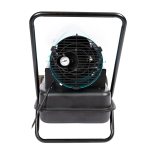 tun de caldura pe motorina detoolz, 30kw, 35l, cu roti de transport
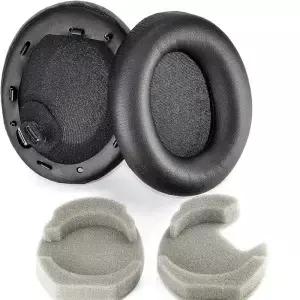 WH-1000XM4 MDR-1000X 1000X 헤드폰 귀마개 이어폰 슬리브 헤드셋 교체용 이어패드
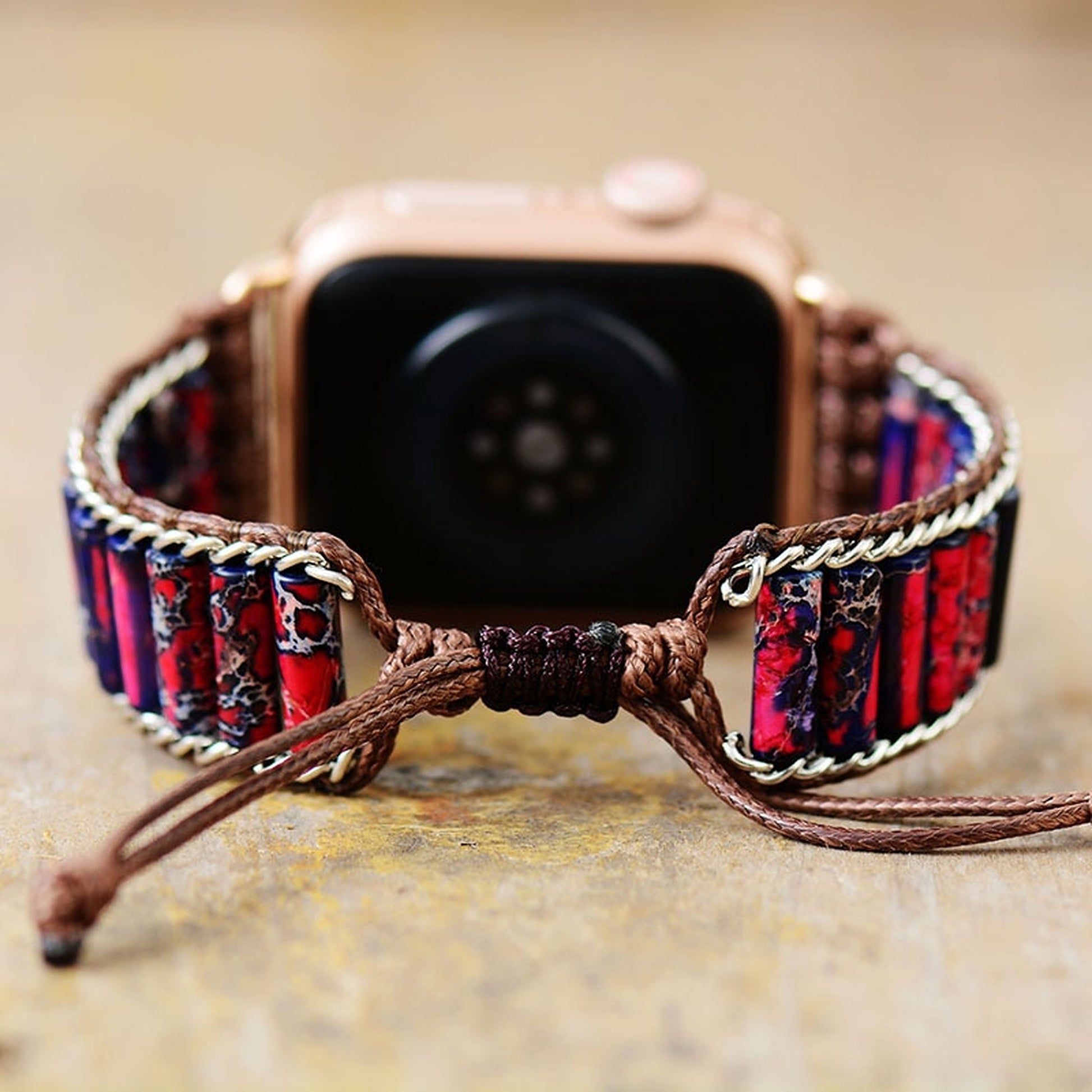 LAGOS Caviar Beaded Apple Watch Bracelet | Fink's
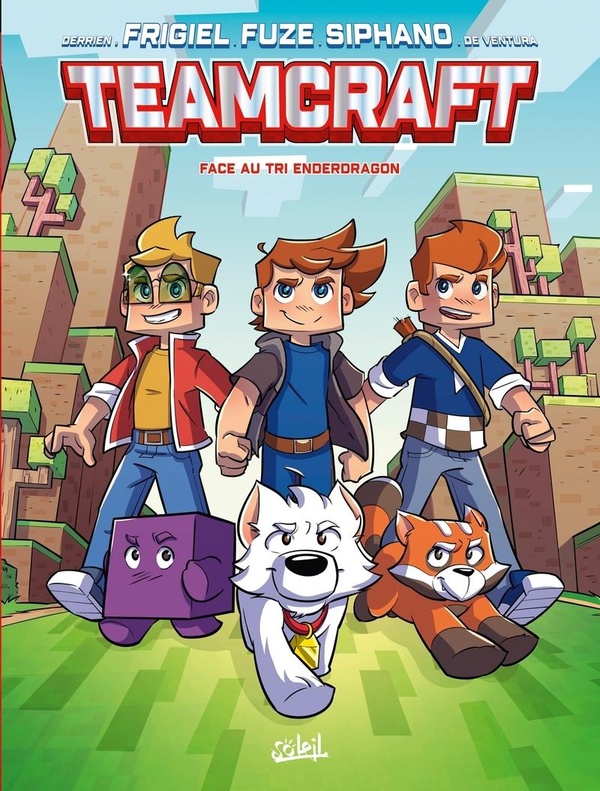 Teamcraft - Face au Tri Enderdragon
__________
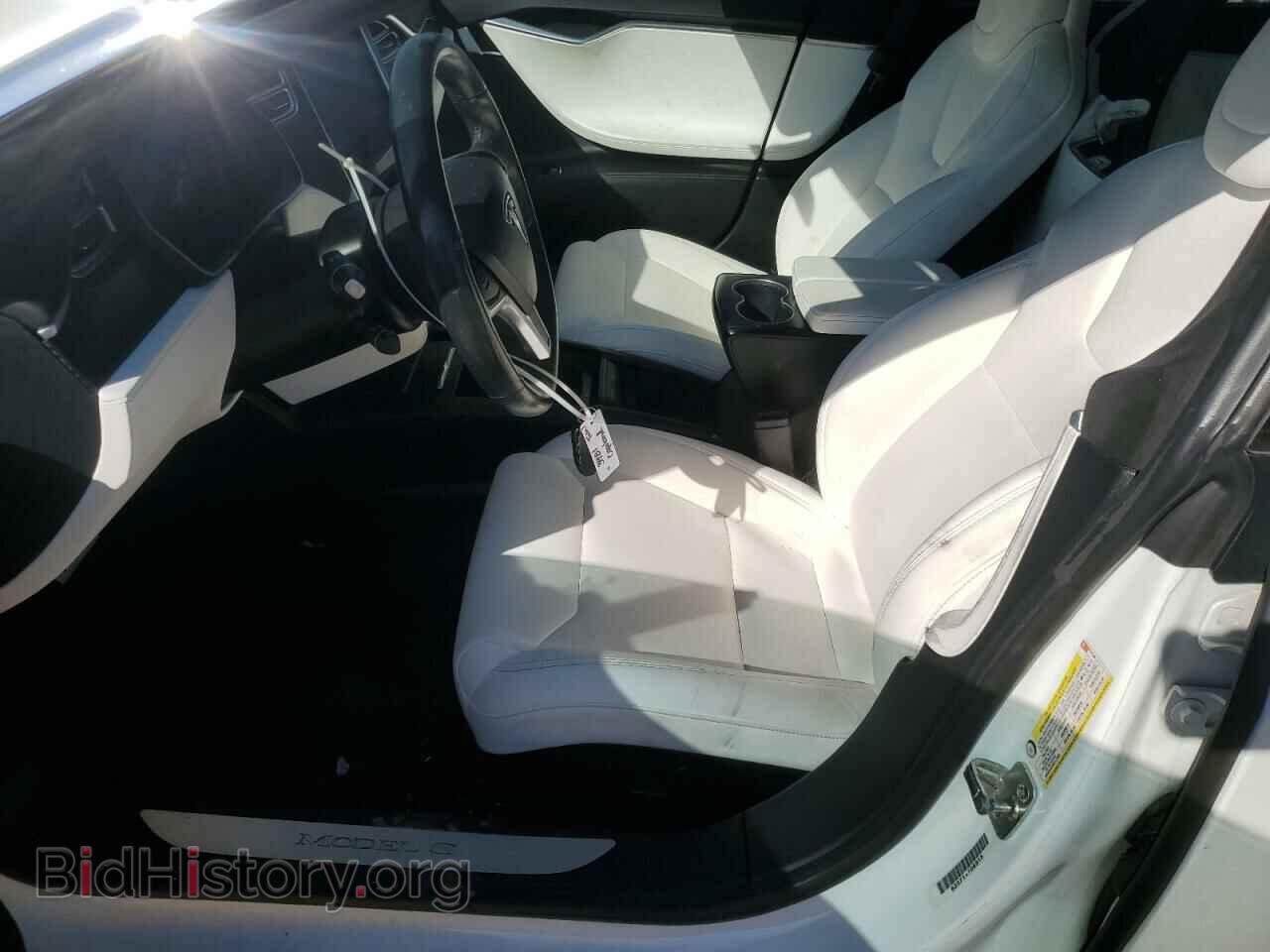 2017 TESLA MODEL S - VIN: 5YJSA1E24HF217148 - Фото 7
__________
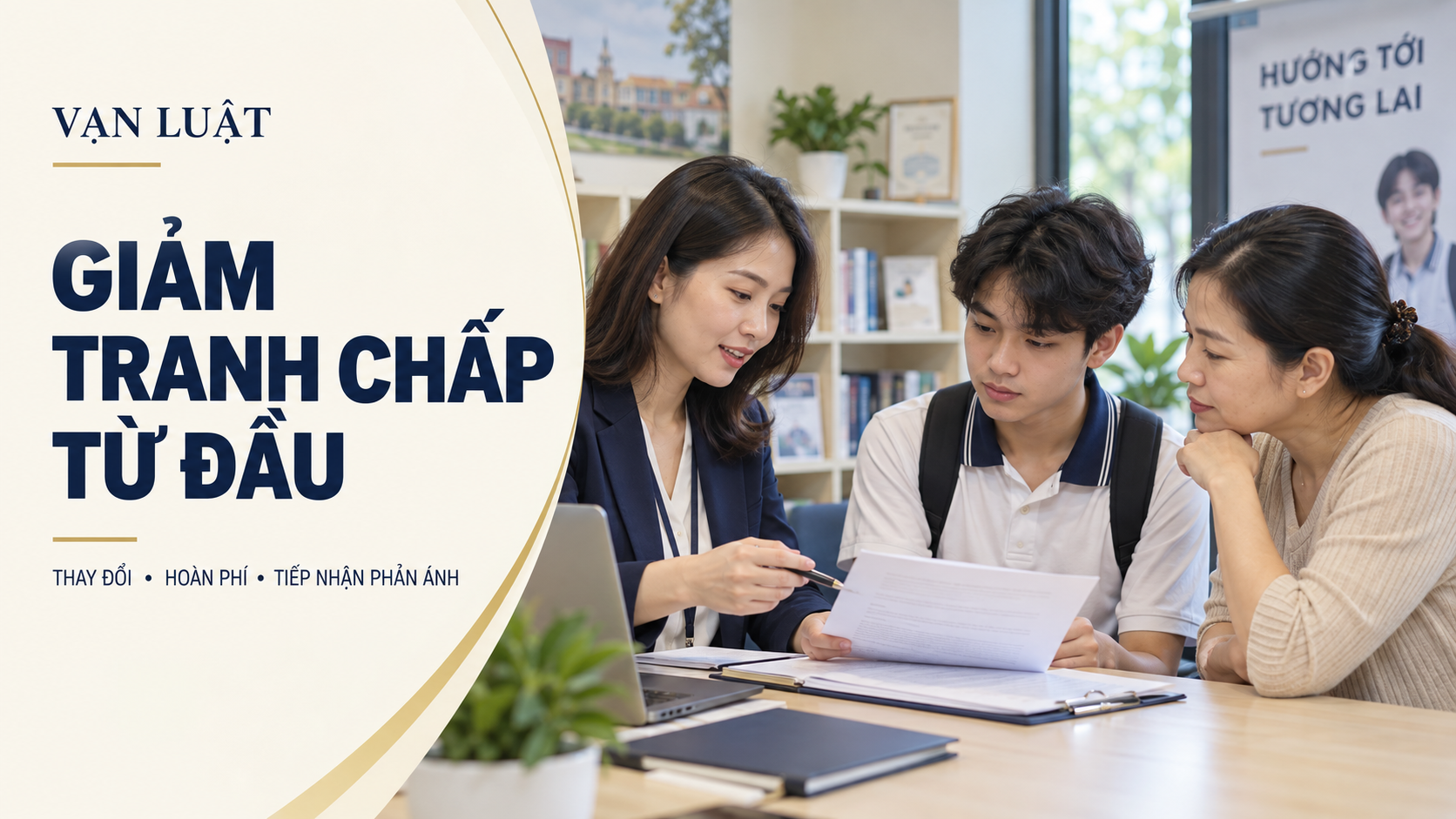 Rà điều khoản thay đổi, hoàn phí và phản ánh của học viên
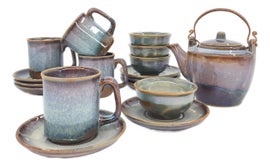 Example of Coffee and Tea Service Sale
__________
■ **What to work on**: Set the pictures aside and transcribe exactly the stretch of lines above, beginning with the one holding "tun de caldura" and ending with the one holding "Teamcraft - Face au Tri Enderdragon".

■ **Answer section**:
 tun de caldura pe motorina detoolz, 30kw, 35l, cu roti de transport
 WH-1000XM4 MDR-1000X 1000X 헤드폰 귀마개 이어폰 슬리브 헤드셋 교체용 이어패드
 LAGOS Caviar Beaded Apple Watch Bracelet | Fink's
 Teamcraft - Face au Tri Enderdragon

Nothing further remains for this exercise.